La Réélection de Willy Brandt à Berlin
La rupture de Bruxelles et le Pacte franco-allemand auront encore d’autres conséquences : celle d’accélérer le changement qui se dessinait déjà dans la constitution politique de l’Europe de demain ; on a remarqué le succès du maire socialiste de Berlin-Ouest aux dernières élections pour le renouvellement du Sénat de la ville. La défaite de la Démocratie Chrétienne a été interprétée comme un désaveu de la politique du Chancelier Adenauer. Willy Brandt sera-t-il le candidat à la Chancellerie si les élections de 1965 donnent la majorité à la Social-Démocratie ? Il hésite à se lancer dans l’arène et à abandonner Berlin pour se rapprocher de Bonn. Il s’est fait à Berlin une personnalité de stature internationale, mais on doute qu’il ait l’étoffe d’un homme d’Etat. Cependant, on ne voit pas qui, dans son Parti, on pourrait lui opposer.

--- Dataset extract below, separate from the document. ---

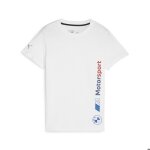 T - shirt enfant puma bmw mms logo T - shirt enfant puma bmw mms logo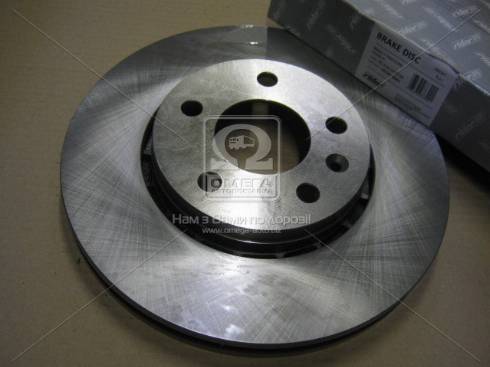 RIDER RD.3325.DF4275S - Brake Disc autospares.lv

La Réunion Socialiste de Bruxelles
Les chefs des Partis socialistes d’Europe occidentale viennent de se réunir à Bruxelles et parmi eux, les candidats au pouvoir outre ceux qui, comme les Scandinaves, l’occupent déjà. Gordon Walker pour l’Angleterre représentant Harold Wilson, Spaak pour la Belgique, Guy Mollet pour la France, Saragat pour l’Italie, qui croient l’heure proche de l’Europe socialiste, après l’échec de l’Europe libérale et chrétienne que Robert Schuman, De Gasperi et Adenauer avaient rêvé de constituer. Ce colloque socialiste de Bruxelles a d’ailleurs marqué, ce que l’on savait depuis longtemps, que cette Europe de demain serait moins unie que l’autre aurait pu être. Les socialistes anglais sont bien moins européens que les conservateurs bien plus insulaires, et ce qui peut sembler paradoxal, les autres chefs socialistes plus nationalistes que leurs adversaires. Réunis, ils s’accordent difficilement. Pour faire l’Europe, il faut autre chose qu’une idéologie sociale ou politique. Il faut un cœur et une foi. C’est jusqu’ici ce qui leur manque.